The US Department of Justice (DoJ) has launched a criminal investigation into Uber's use of software which helped its drivers track and avoid local transport regulators, it has been reported.
Uber has already come under fire for the secret technology, which used data from Uber to help drivers to "identify and circumvent" transportation officials launching stings to trap Uber drivers.
In a letter written to Ken McGair, deputy city attorney in Portland, Oregon, last month, Uber confirmed the existence of Greyball and said it was designed to protect drivers from users who had violated its terms of service, for example by making physical threats. It added it had used the technology "exceedingly sparingly".
In its report today, Reuters said the DoJ's investigation is still in its early stages. Uber did not comment.
This is the latest in a string of woes for Uber.
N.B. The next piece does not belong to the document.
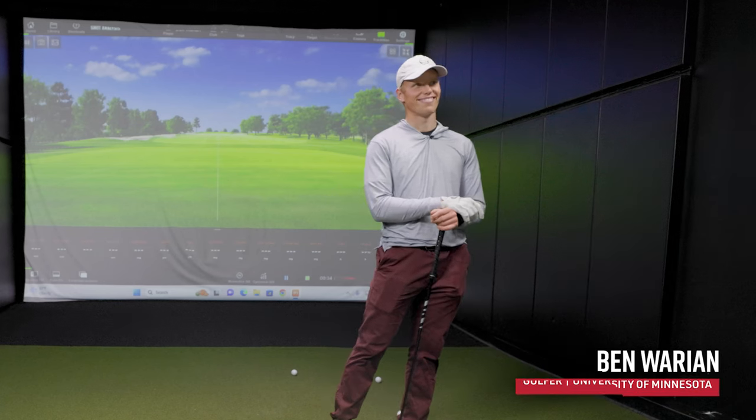Hey golfers, I'm Drew Mahold from Second Swing Golf, back here in the tour van with a couple of special guests from the University of Minnesota men's golf team. I have Bennett Swazely here with me at the desk, and hitting golf shots today I have the lefty Ben Warian. He's got his gamer three wood, and we actually have a special surprise for him. Bennett went out and picked a three wood from the inventory in our store. Let's start by you breaking down what your gamer three wood is.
The company, which is at loggerheads with traditional taxi drivers in almost every country it operates in, has been criticised over its treatment of drivers, and has been at the centre of a sexism scandal.
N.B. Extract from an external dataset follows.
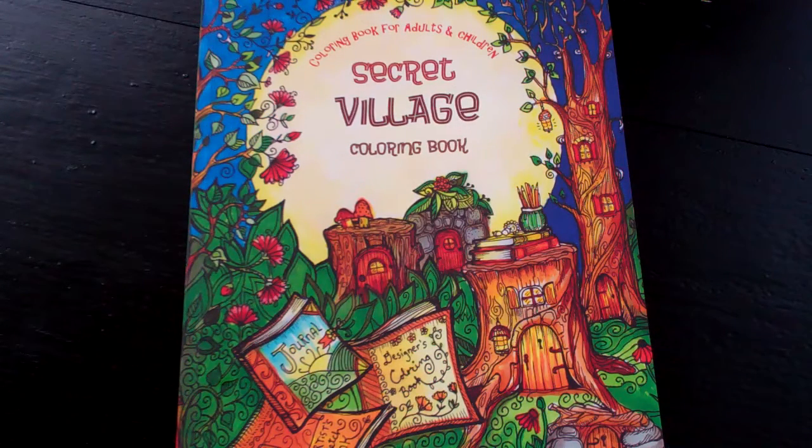Hello there, this is Candice. Today I wanted to show you this coloring book by Sarah Brown. Adult coloring is, of course, all the rage right now.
In March the company closed its operation in Denmark, blaming new regulations which capped the number of licences issued to drivers and forced drivers to fit a taxi meter.
Meanwhile, in February the company faced allegations of sexism after a former engineer published a blog post in which she described being propositioned by a male manager and faced discrimination from its HR team.
During the same month, chief executive Travis Kalanick was forced to apologise after he was filmed having an argument with one of the company's drivers.
“This is the first time I’ve been willing to admit that I need leadership help and I intend to get it,” he wrote.